There should probably be a cap on the credit per employee -- we don't want to spend 8 million government bucks to hire an upper level executive who will then stash 7 million of that in offshore investments; we want to use that money to hire 100 middle-class manufacturing workers who will put 90% of what they earn back into this economy and fuel the demand for even more jobs.
So maybe there's a $100K cap on the credit per employee (including wages/salary + payroll taxes). If you want to pay someone more than that, great, but if they're worth that much money to your company you can come up with at least a few bucks out of your own pocket.
And there should probably be some kind of safeguards in place to ensure that employers don't pay ridiculously high wages just because they are playing with public money. So a requirement that they be able to demonstrate that what they are paying is a market wage.
No credit for H-1B hiring. No credit for hiring someone at a location other than American soil. No credit for hiring to replace someone who retires/quits/is fired after the bill is introduced, or after it gets into or out of committee. No credit to those who have adopted the execrable policy that "The unemployed need not apply." This credit would be given for employing a worker, here in this country, for a job that does not currently exist.
A 100% tax credit means private employers are used as a conduit for direct federal investment in jobs.

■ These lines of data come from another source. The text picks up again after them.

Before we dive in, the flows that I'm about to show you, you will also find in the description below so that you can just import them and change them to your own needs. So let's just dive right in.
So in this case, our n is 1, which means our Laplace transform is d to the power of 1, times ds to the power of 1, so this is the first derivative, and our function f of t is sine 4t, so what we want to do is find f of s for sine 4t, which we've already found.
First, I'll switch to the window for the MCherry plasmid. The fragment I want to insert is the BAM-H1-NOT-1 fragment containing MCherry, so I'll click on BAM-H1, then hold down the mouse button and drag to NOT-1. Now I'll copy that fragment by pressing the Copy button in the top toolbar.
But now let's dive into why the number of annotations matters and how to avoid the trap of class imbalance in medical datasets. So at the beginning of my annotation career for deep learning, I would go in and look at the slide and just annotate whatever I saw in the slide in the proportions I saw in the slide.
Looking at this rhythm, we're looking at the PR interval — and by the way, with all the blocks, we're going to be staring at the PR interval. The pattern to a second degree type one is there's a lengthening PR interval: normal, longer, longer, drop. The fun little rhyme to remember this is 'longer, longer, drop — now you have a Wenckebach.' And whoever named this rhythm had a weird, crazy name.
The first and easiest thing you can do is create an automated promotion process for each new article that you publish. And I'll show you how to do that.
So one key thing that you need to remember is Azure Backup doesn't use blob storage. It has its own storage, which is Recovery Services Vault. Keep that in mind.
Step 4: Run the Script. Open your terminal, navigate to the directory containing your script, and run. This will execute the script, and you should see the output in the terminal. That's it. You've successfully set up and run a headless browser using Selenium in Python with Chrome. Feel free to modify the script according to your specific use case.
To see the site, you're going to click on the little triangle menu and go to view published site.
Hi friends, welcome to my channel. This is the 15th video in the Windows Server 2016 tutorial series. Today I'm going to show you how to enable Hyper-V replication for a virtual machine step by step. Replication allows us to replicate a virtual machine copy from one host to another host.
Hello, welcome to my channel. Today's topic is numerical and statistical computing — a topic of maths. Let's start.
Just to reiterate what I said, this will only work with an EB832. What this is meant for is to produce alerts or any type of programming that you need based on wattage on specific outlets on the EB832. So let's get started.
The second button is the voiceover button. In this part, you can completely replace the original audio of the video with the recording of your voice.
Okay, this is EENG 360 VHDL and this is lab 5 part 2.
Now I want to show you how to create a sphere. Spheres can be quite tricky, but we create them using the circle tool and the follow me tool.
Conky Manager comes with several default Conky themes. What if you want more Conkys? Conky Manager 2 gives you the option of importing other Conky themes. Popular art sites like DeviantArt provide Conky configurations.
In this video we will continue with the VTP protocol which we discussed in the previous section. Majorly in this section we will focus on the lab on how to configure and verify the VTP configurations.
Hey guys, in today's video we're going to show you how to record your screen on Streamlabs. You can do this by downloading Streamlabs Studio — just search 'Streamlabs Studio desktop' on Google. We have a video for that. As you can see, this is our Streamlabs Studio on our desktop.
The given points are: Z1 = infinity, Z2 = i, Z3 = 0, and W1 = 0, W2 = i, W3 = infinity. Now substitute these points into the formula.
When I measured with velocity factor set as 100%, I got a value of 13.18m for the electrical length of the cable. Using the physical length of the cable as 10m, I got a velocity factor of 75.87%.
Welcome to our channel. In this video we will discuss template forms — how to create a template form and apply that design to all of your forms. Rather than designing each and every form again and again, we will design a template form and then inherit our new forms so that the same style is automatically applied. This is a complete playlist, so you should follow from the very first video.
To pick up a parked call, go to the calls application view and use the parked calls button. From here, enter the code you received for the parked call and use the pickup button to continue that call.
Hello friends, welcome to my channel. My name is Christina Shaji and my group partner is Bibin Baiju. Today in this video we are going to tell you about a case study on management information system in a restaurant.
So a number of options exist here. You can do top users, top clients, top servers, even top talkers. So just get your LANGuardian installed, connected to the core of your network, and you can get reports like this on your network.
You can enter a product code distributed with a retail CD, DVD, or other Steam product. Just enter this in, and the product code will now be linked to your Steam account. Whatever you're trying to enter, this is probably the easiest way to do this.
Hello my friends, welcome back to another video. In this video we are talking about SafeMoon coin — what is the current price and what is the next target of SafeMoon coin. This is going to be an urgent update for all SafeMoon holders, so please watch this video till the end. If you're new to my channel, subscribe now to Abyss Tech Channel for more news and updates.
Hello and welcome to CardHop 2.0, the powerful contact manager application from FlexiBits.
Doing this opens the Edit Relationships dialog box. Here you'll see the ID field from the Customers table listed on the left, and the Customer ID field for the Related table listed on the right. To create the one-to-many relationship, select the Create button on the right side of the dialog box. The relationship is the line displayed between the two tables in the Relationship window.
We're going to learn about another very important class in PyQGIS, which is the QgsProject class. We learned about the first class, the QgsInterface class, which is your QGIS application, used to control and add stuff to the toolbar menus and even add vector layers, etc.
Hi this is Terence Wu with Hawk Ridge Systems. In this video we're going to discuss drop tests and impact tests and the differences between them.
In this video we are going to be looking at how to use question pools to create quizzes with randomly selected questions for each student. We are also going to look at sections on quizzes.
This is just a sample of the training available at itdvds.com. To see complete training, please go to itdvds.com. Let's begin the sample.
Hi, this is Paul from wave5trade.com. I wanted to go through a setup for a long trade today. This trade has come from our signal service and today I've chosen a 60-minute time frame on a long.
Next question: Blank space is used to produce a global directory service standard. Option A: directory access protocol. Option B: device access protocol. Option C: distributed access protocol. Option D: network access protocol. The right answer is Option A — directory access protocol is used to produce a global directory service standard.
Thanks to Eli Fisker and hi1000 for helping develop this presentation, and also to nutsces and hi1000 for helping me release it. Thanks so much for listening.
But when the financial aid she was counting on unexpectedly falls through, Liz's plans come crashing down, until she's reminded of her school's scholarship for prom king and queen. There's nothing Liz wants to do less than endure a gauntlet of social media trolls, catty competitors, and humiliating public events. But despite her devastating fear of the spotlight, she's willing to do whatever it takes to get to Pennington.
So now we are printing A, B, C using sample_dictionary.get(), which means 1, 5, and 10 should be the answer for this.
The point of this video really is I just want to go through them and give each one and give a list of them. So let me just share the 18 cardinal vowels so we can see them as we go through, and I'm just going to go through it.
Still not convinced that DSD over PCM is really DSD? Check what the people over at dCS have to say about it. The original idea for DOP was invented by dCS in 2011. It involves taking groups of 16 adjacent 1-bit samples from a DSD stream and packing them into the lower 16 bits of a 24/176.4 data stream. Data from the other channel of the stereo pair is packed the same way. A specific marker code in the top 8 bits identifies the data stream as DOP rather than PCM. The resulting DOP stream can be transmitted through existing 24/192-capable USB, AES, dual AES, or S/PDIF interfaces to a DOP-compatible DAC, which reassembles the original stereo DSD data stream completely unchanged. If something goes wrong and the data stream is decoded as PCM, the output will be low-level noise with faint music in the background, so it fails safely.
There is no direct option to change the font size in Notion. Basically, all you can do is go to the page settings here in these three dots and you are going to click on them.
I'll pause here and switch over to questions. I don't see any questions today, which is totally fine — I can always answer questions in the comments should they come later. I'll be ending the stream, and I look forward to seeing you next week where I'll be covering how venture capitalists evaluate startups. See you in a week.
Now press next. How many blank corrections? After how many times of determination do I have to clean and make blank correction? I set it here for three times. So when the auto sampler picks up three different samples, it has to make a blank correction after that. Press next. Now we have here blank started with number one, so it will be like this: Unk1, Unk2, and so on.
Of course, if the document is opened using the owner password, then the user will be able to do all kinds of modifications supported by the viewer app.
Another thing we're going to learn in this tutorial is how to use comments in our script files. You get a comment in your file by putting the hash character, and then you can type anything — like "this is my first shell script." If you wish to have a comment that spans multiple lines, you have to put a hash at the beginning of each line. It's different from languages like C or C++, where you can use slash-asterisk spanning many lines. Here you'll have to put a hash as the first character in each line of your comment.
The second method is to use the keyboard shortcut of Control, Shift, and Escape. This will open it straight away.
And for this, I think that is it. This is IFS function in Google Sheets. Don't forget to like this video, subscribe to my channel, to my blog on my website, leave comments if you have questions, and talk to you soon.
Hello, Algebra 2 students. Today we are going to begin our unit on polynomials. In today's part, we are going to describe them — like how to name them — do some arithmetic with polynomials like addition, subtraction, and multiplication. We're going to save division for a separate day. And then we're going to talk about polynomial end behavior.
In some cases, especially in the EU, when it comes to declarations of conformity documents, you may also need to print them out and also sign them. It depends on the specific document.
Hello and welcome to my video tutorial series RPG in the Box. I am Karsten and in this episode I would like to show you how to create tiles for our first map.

The moneyed class get their tax cuts, and we get something that smells every bit as sweet as a direct federal hiring program. It's a new WPA in a Republican-friendly wrapper.
And it means that companies have no excuse to hold back on hiring. Right now there are a lot of companies that have no reason to hire anyone because demand is depressed. But there are some companies that would love to hire if they had the money, or if they weren't afraid to spend the money in this stinking economy. Those are the ones who would take advantage of this credit.
And once they do that, demand would rise and there would be more and more companies with reason to expand their operations. It would start gradually, but soon there would be a veritable onshore hiring frenzy. (Remember Cash for Clunkers?) Every $100 billion allotted to this would directly result in somewhere on the order of 1.25 million jobs -- but indirectly the benefit would be much bigger than that over time.
The Republicans should love it because it allows their corporate masters to do what they love best: Socialize the costs of hiring employees while privatizing the beneifts. And besides targeting tax benefits to the real job creators, it would cost a hell of a lot less than the Bush tax cuts. I'm no economist, but I would bet that once the economic analysis is done, we'd find out that rather than costing the government money, this plan would result in a net revenue increase.